● **Exercise details**
Every line from the opening of the records to the line with "Cover: 9786202644716 |" should be restated exactly, with both ends included and the pictures left out.

● **Data listing**

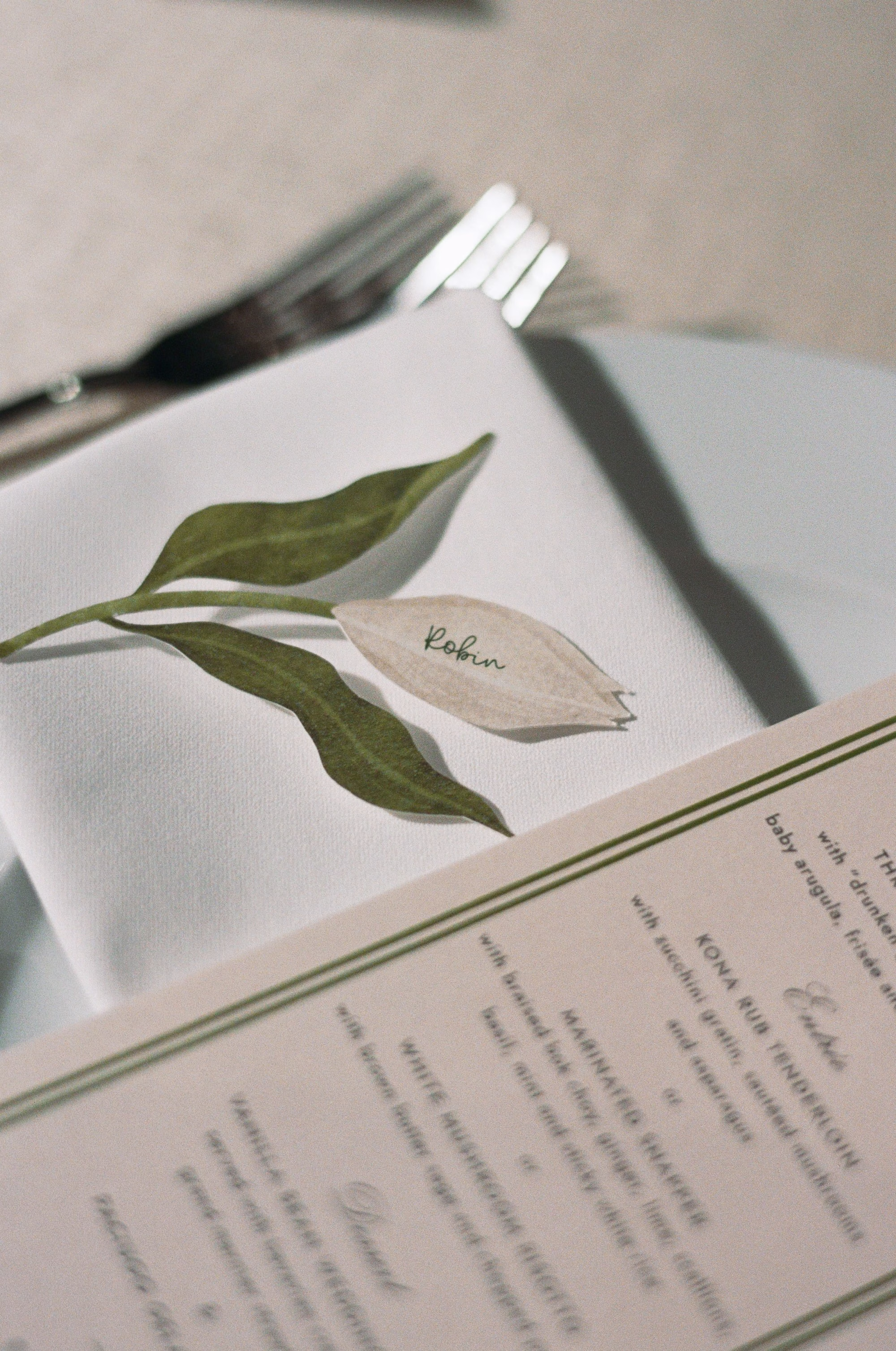 36Elegant Florida Garden Party Wedding Inspiration - Luxurious Garden Destination Wedding | Ritz-Carlton, Sarasota Romantic Neutral Organic White and Green Wedding Reception Decor Inspiration | Personalized Calla Lily and White and Green Seating Card with White and Green Menu Tablescape Decor Ideas | Tampa Bay Planner MDP Events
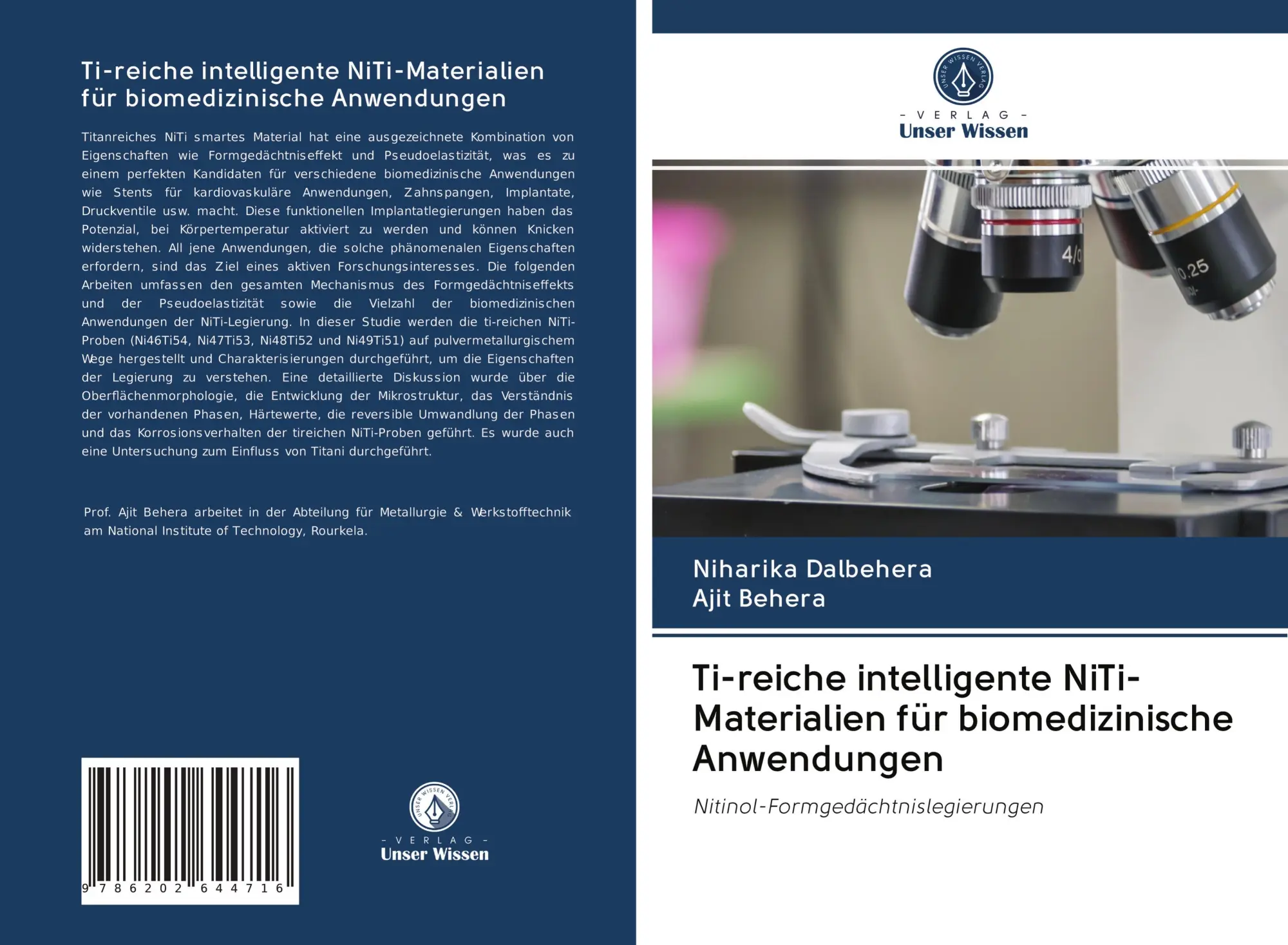 Cover: 9786202644716 | Ti-reiche intelligente NiTi-Materialien für biomedizinische...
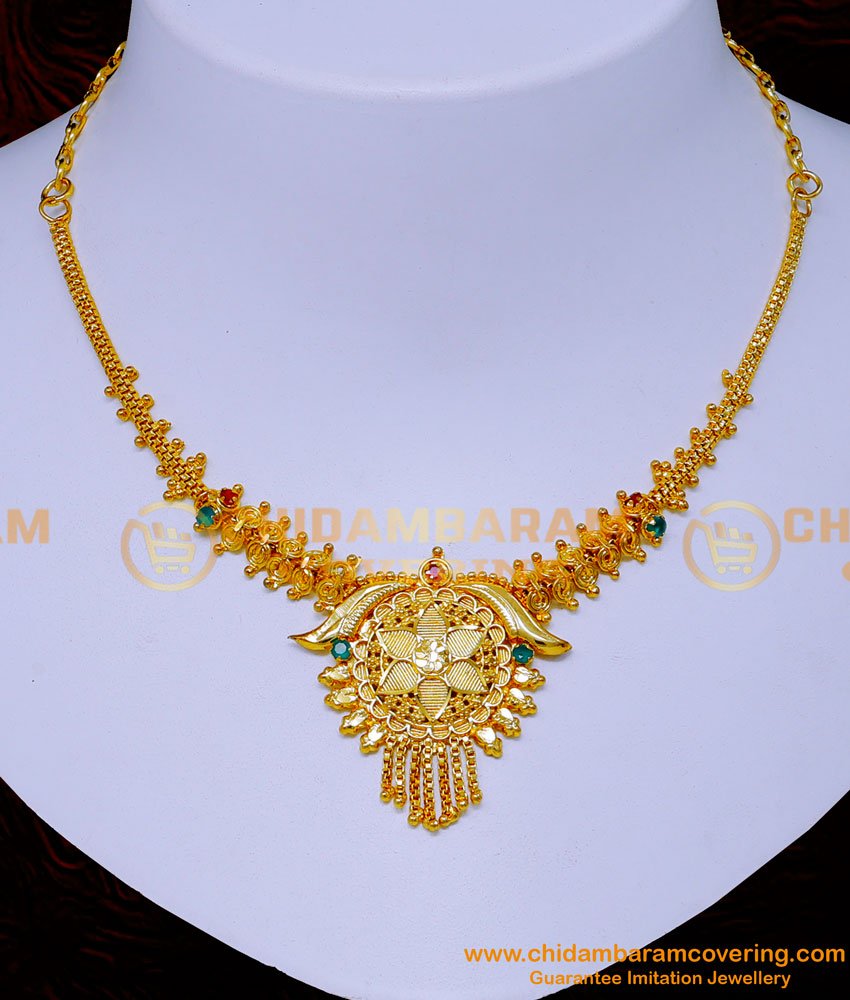 1 gram gold necklace design, stone necklace design, gold plated necklace for wedding, imitation jewelry, bridal necklace, traditional necklace, south indian necklace, traditional stone necklace designs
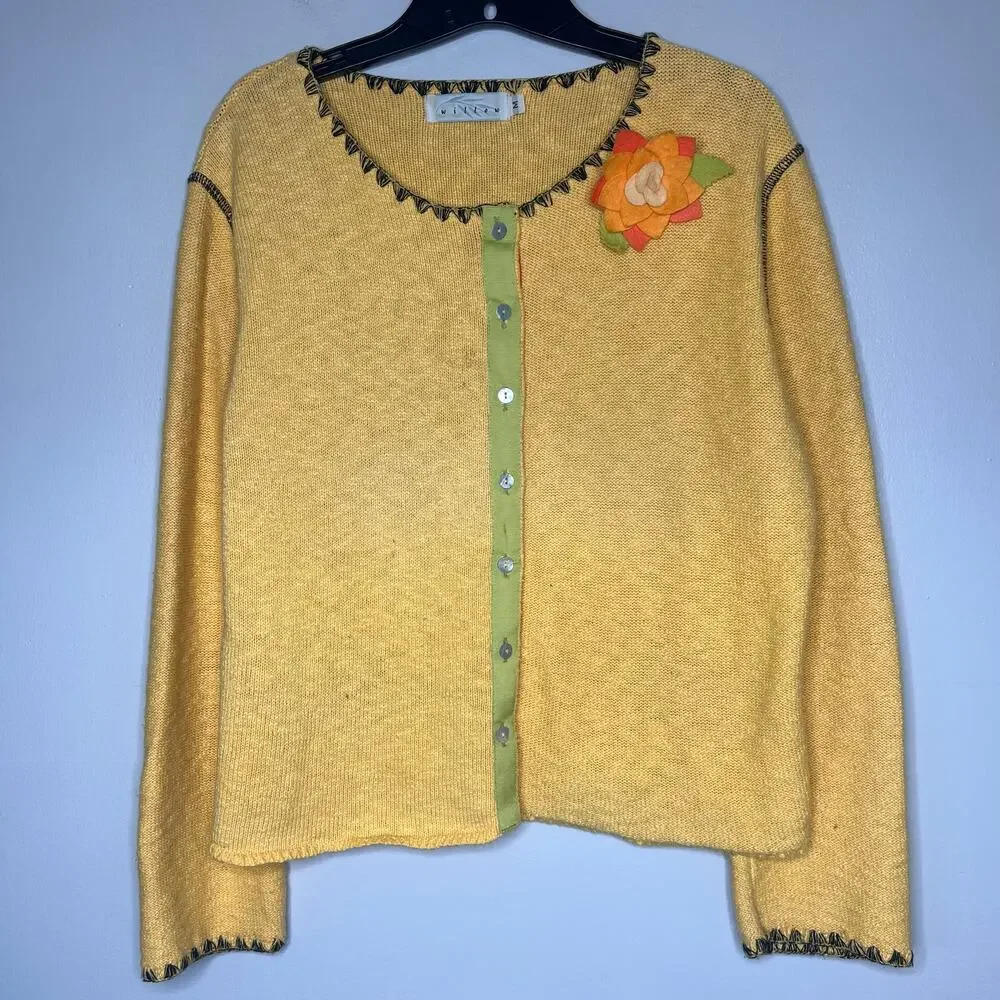 VTG Yellow Knit Button Front Cardigan Sweater Floral Applique Sz M Boho Eclectic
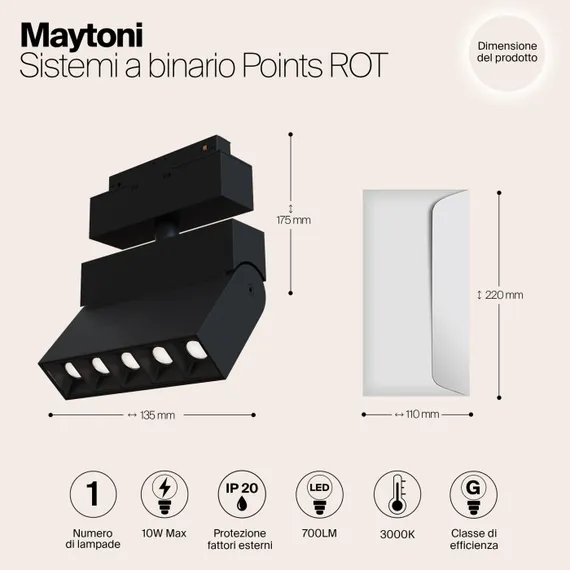 Трековый светильник Points Rot TR015-2-10W3K-B Maytoni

● **Answer box**
 36Elegant Florida Garden Party Wedding Inspiration - Luxurious Garden Destination Wedding | Ritz-Carlton, Sarasota Romantic Neutral Organic White and Green Wedding Reception Decor Inspiration | Personalized Calla Lily and White and Green Seating Card with White and Green Menu Tablescape Decor Ideas | Tampa Bay Planner MDP Events
 Cover: 9786202644716 | Ti-reiche intelligente NiTi-Materialien für biomedizinische...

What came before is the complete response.